Start of Data

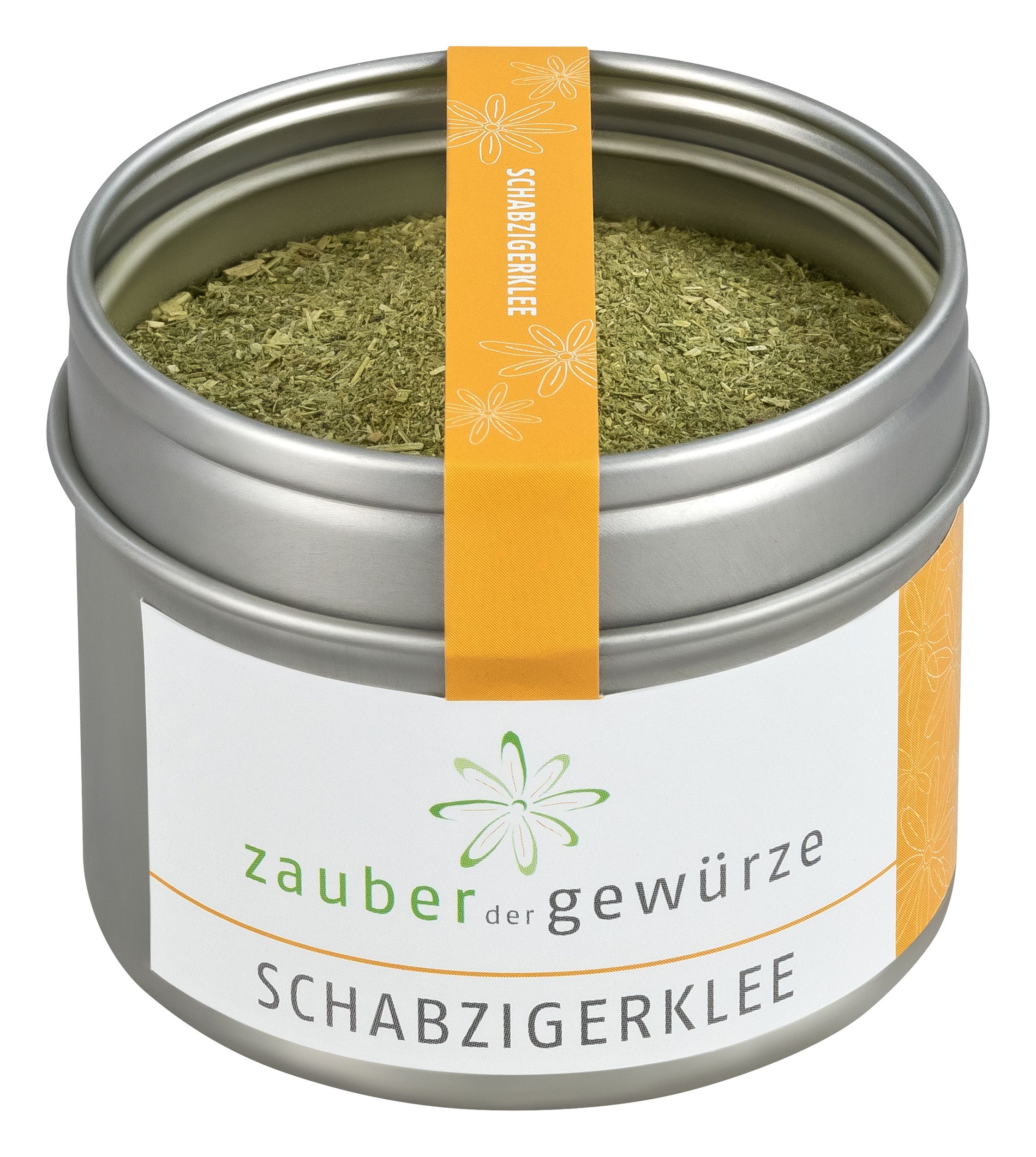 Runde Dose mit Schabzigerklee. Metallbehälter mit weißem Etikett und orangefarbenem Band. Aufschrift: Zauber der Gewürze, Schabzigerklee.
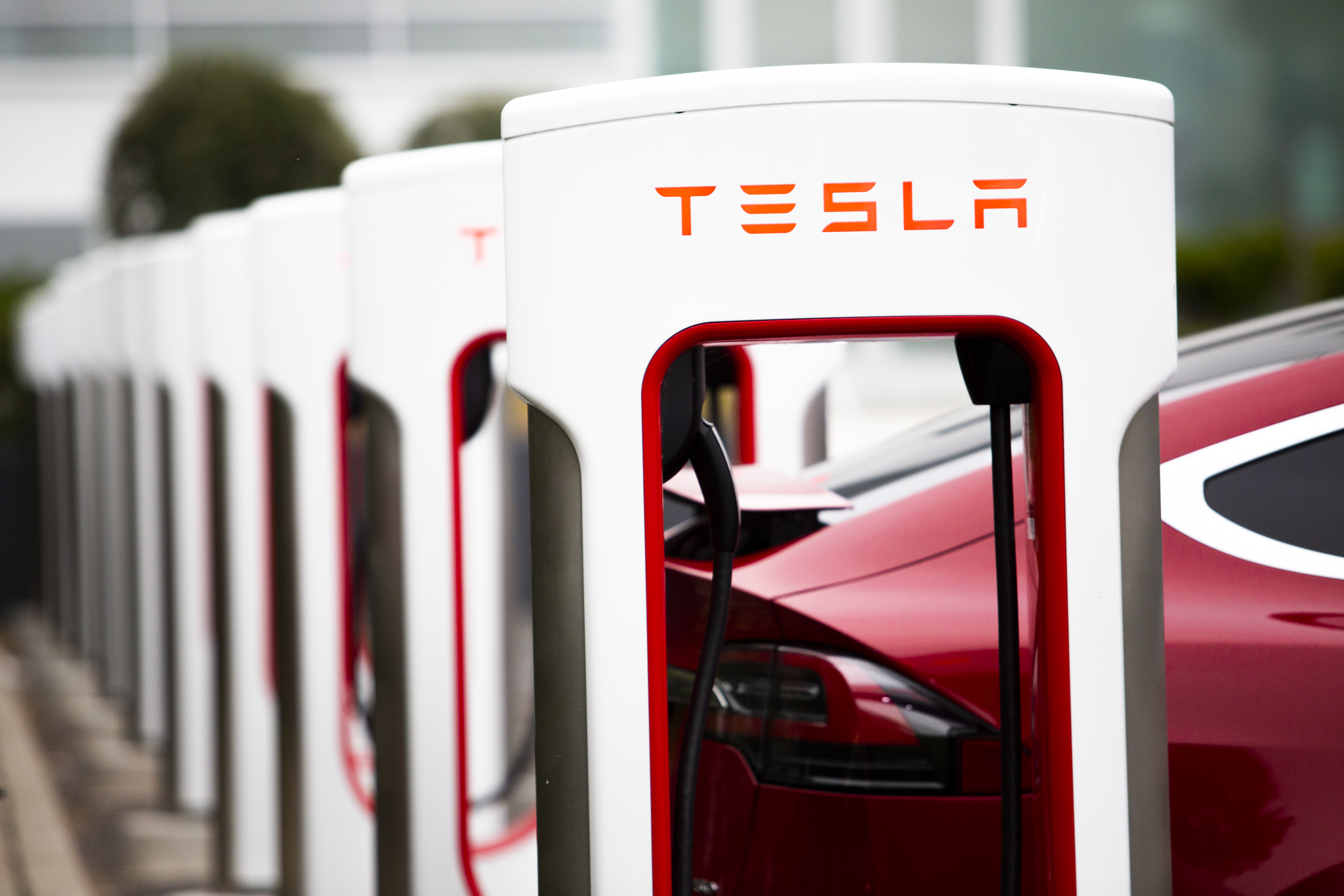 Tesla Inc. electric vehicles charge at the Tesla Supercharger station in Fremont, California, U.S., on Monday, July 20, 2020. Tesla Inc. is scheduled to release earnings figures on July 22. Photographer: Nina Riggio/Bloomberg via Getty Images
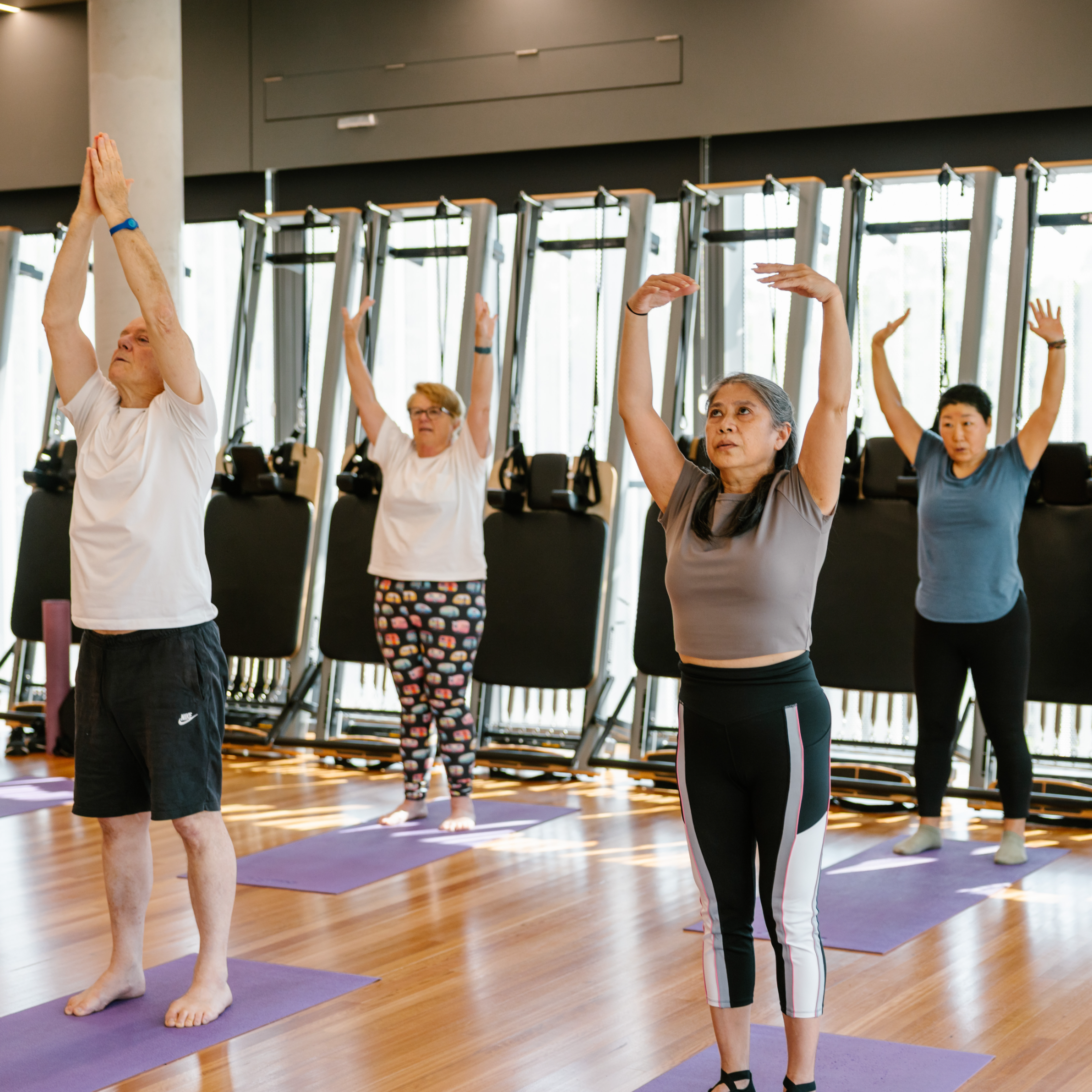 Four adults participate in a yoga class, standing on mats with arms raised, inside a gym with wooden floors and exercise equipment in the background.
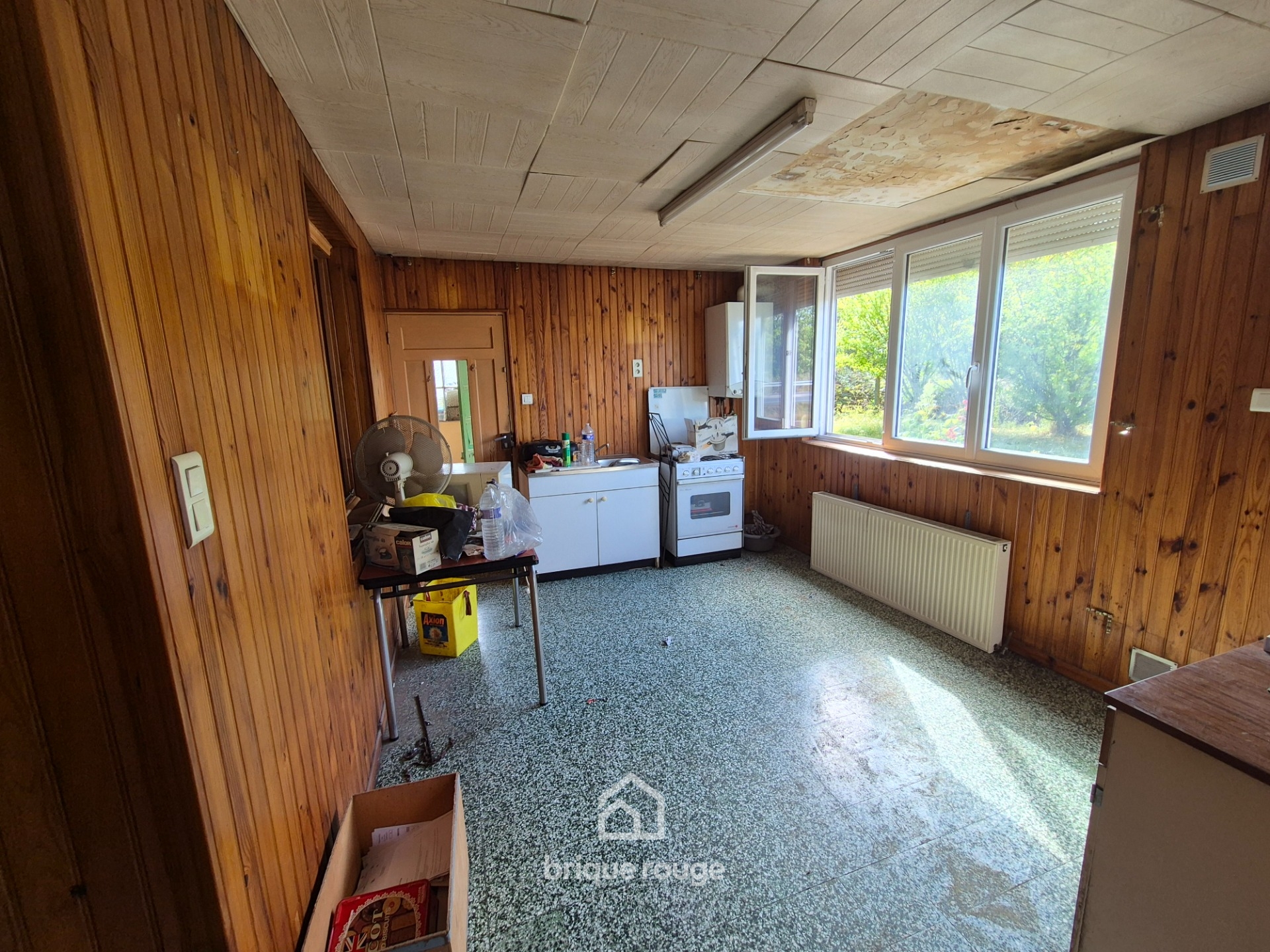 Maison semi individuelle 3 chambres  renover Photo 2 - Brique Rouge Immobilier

End of Data

Exercise directions =
Restate the data word for word without pictures.

Answer to this problem =
 Runde Dose mit Schabzigerklee. Metallbehälter mit weißem Etikett und orangefarbenem Band. Aufschrift: Zauber der Gewürze, Schabzigerklee.
 Tesla Inc. electric vehicles charge at the Tesla Supercharger station in Fremont, California, U.S., on Monday, July 20, 2020. Tesla Inc. is scheduled to release earnings figures on July 22. Photographer: Nina Riggio/Bloomberg via Getty Images
 Four adults participate in a yoga class, standing on mats with arms raised, inside a gym with wooden floors and exercise equipment in the background.
 Maison semi individuelle 3 chambres  renover Photo 2 - Brique Rouge Immobilier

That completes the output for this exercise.